View from the bridge

Lots and lots of Trilliums in bloom, thousands of native Lily of the Valley not yet in bloom, Coltsfoot, skunk cabbage (we could smell it before we saw it), Elderberry, Salmon Berry, getting ready to bloom were Fairy Bells, Solomon’s Seal and others.  One tree was completely covered in moss.

Moss covered tree. 

These Trilliums are white but will turn purple like the picture below as they finish blooming.

Clumps of these little yellow stream violets were everywhere.

Native Bleeding Heart



Skunk Cabbage


 Native Lily of the Valley covered almost every inch of open space.  In a few weeks it will all be full of white flowers. 

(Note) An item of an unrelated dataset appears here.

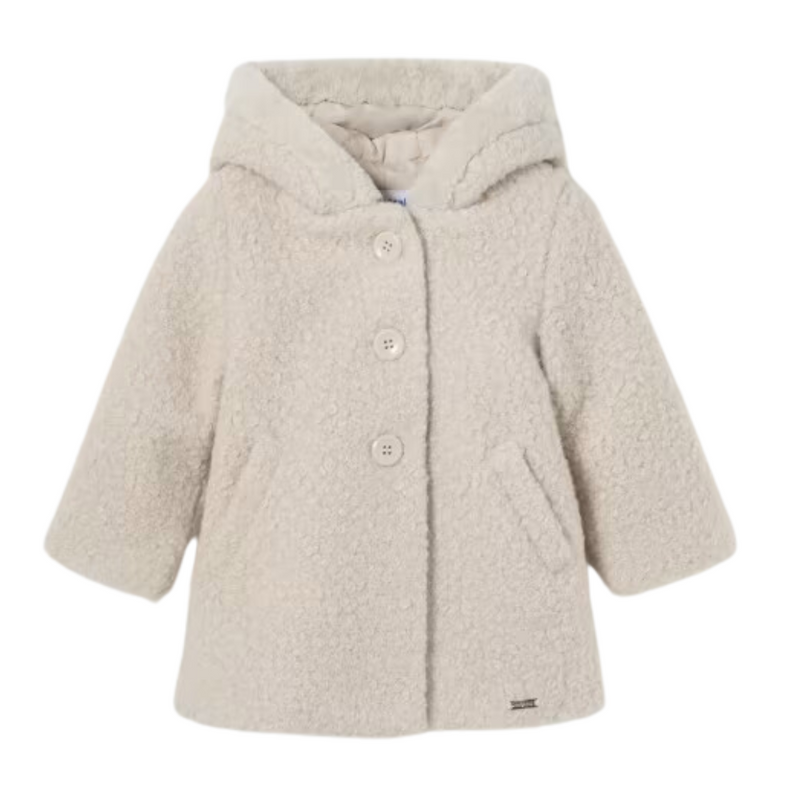 Baby Shearling Coat - Almond by Mayoral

Moss grew on the trees and the ground in places, ferns growing everywhere too.


In places the trail was right along the river and had spectacular views like this one of Garfield Mountain.  Or the picture below it of a cliff side with trees seeming to grow right out of the rock.  

The trail was about this width most of the way.

It may be closed to motor vehicles but we did have to make room for a couple of mountain bikes. 

Blurry Bob. 

By this time my camera battery was dead and I used my phone to take a picture.  The trail is very pretty through the trees but my phone photos invariably turn out blurry because of movement on my part I think; nevertheless, the blurry photo still gives a glimpse of what it is like.  The small low growing plants along the trail are Lily of the Valley.  The hillside is covered in moss.


  1. Thanks!! I enjoyed the pictures and read through some of your earlier posts. Fun. I didn't realize there were cherry trees on the campus. That was beautiful.

    1. You are welcome and thank you for the compliment! I enjoyed meeting you and am pleased you looked in at these posts. Bob must have sent you the link. The cherry trees are so very beautiful when fully in bloom but they don't last long--the wind and rain blow all the flowers away.